Gauss’ Law of Electrostatics

Here we use the discretize package to solve for the electric potential (\(\phi\)) and electric fields (\(\mathbf{e}\)) in 2D that result from a static charge distribution. Starting with Gauss’ law and Faraday’s law:

\[ \begin{align}\begin{aligned}&\nabla \cdot \mathbf{E} = \frac{\rho}{\epsilon_0}\\&\nabla \times \mathbf{E} = \mathbf{0} \;\;\; \Rightarrow \;\;\; \mathbf{E} = -\nabla \phi\\&\textrm{s.t.} \;\;\; \phi \Big |_{\partial \Omega} = 0\end{aligned}\end{align} \]

where \(\sigma\) is the charge density and \(\epsilon_0\) is the permittivity of free space. We will consider the case where there is both a positive and a negative charge of equal magnitude within our domain. Thus:

\[\rho = \rho_0 \big [ \delta ( \mathbf{r_+}) - \delta (\mathbf{r_-} ) \big ]\]

To solve this problem numerically, we use the weak formulation; that is, we take the inner product of each equation with an appropriate test function. Where \(\psi\) is a scalar test function and \(\mathbf{f}\) is a vector test function:

\[ \begin{align}\begin{aligned}\int_\Omega \psi (\nabla \cdot \mathbf{E}) dV = \frac{1}{\epsilon_0} \int_\Omega \psi \rho dV\\\int_\Omega \mathbf{f \cdot E} \, dV = - \int_\Omega \mathbf{f} \cdot (\nabla \phi ) dV\end{aligned}\end{align} \]

In the case of Gauss’ law, we have a volume integral containing the Dirac delta function, thus:

\[\int_\Omega \psi (\nabla \cdot \mathbf{E}) dV = \frac{1}{\epsilon_0} \psi \, q\]

where \(q\) represents an integrated charge density. By applying the finite volume approach to this expression we obtain:

\[\mathbf{\psi^T M_c D e} = \frac{1}{\epsilon_0} \mathbf{\psi^T q}\]

where \(\mathbf{q}\) denotes the total enclosed charge for each cell. Thus \(\mathbf{q_i}=\rho_0\) for the cell containing the positive charge and \(\mathbf{q_i}=-\rho_0\) for the cell containing the negative charge. It is zero for every other cell.

\(\mathbf{\psi}\) and \(\mathbf{q}\) live at cell centers and \(\mathbf{e}\) lives on cell faces. \(\mathbf{D}\) is the discrete divergence operator. \(\mathbf{M_c}\) is an inner product matrix for cell centered quantities.

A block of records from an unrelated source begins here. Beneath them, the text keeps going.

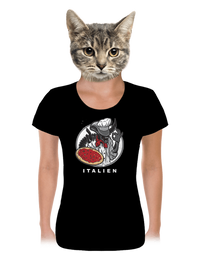 dámské tričko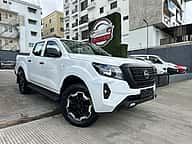 Nissan Frontier S 2024 - miniatura 3
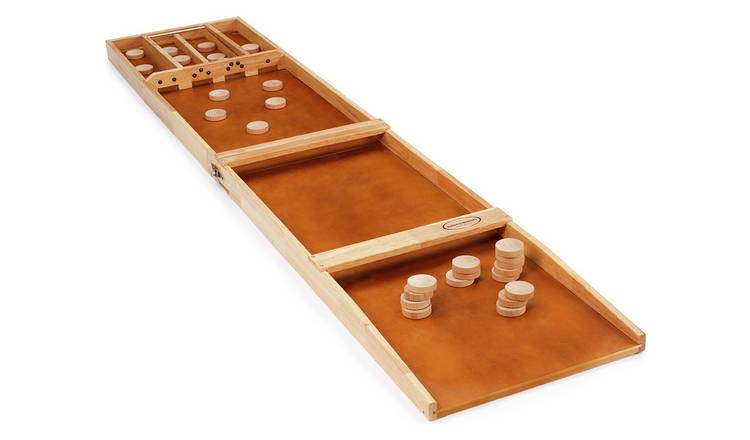 Gamesson Dutch Shuffle Game
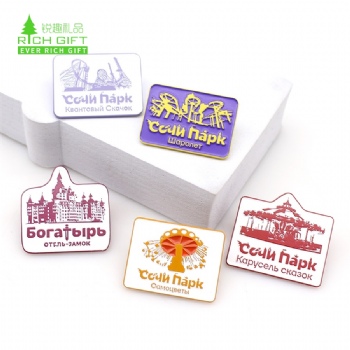 How to Choose the Right Custom Pin Manufacturer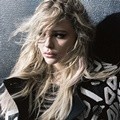 Chloe Moretz di Majalah Nylon Edisi Desember 2015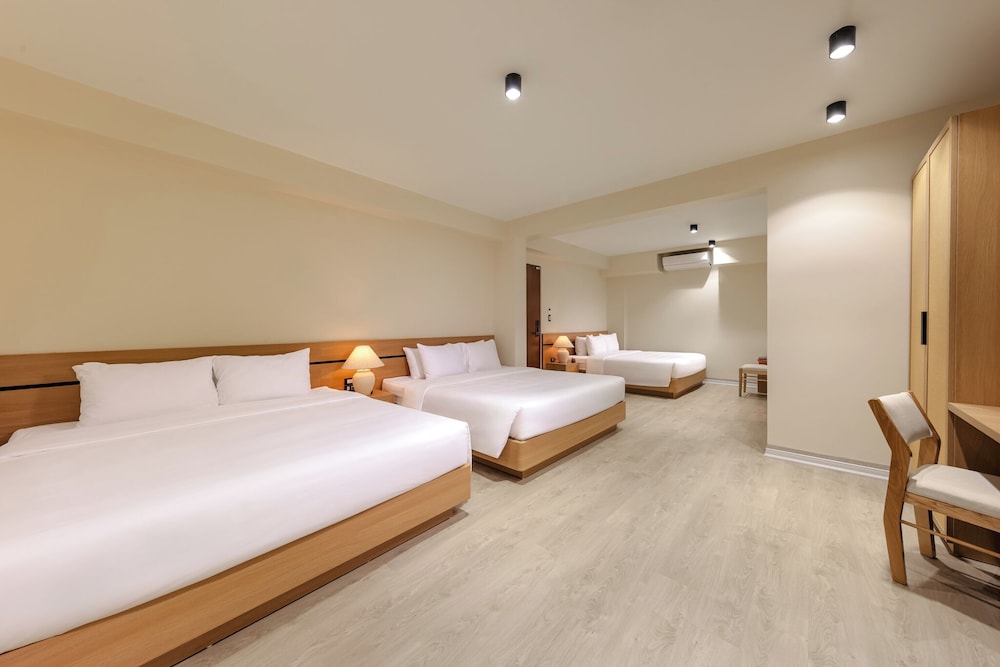 GREEN BAY HOTEL NINH BINH 12/34
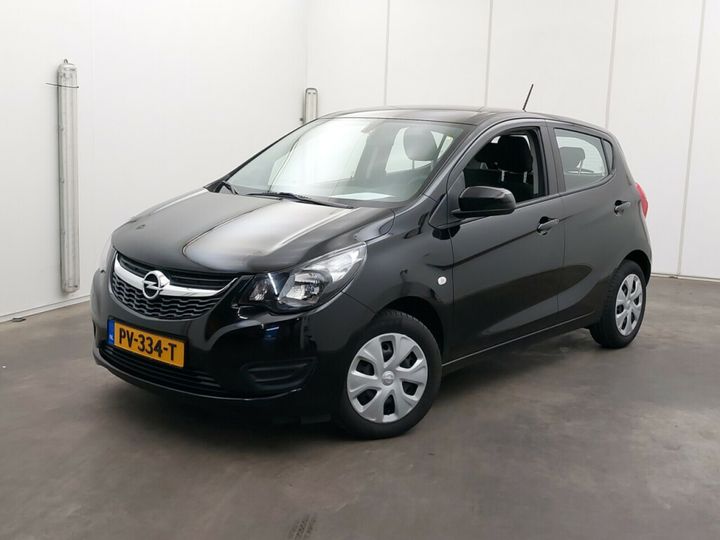 opel karl 2017 w0vdd6e75jc410183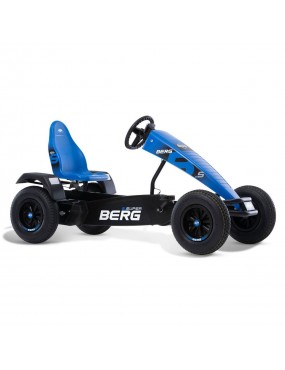BERG Gokart na pedały XXL...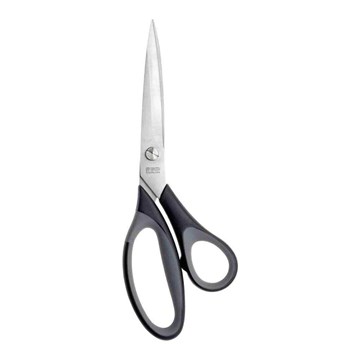 TIJERA NEGRA 23CM GASTROMAX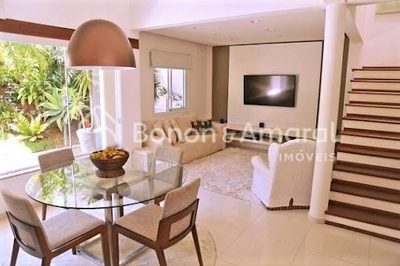 Casa, 3 quartos, 200 m² - Foto 3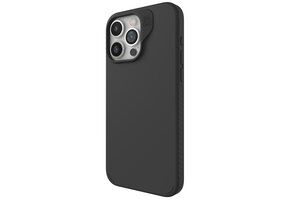 ZAGG Manhattan Snap MagSafe Case for iPhone 15 Pro Max - Black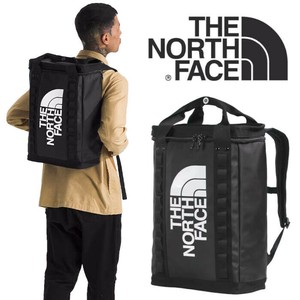 【THE NORTH FACE】(ザ ノースフェイス) 26L EXPLORE FUSEBOX L バックパック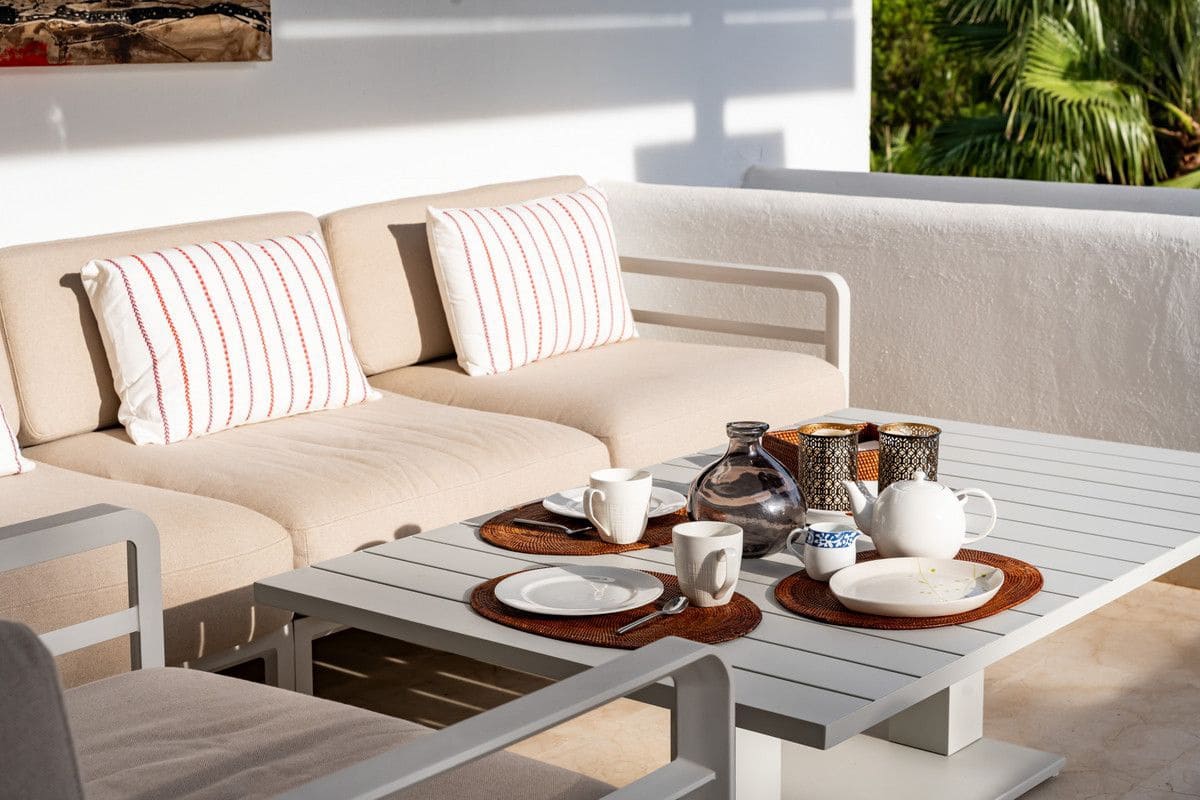 2 camera da letto Appartamento in vendita in Marbella con piscina garage - 569.000 € (Rif: 9688705)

For the second weak form equation, we make use of the divergence theorem as follows:

\[ \begin{align}\begin{aligned}\int_\Omega \mathbf{f \cdot E} \, dV &= - \int_\Omega \mathbf{f} \cdot (\nabla \phi ) dV\\& = - \frac{1}{\epsilon_0} \int_\Omega \nabla \cdot (\mathbf{f} \phi ) dV + \frac{1}{\epsilon_0} \int_\Omega ( \nabla \cdot \mathbf{f} ) \phi \, dV\\& = - \frac{1}{\epsilon_0} \int_{\partial \Omega} \mathbf{n} \cdot (\mathbf{f} \phi ) da + \frac{1}{\epsilon_0} \int_\Omega ( \nabla \cdot \mathbf{f} ) \phi \, dV\\& = 0 + \frac{1}{\epsilon_0} \int_\Omega ( \nabla \cdot \mathbf{f} ) \phi \, dV\end{aligned}\end{align} \]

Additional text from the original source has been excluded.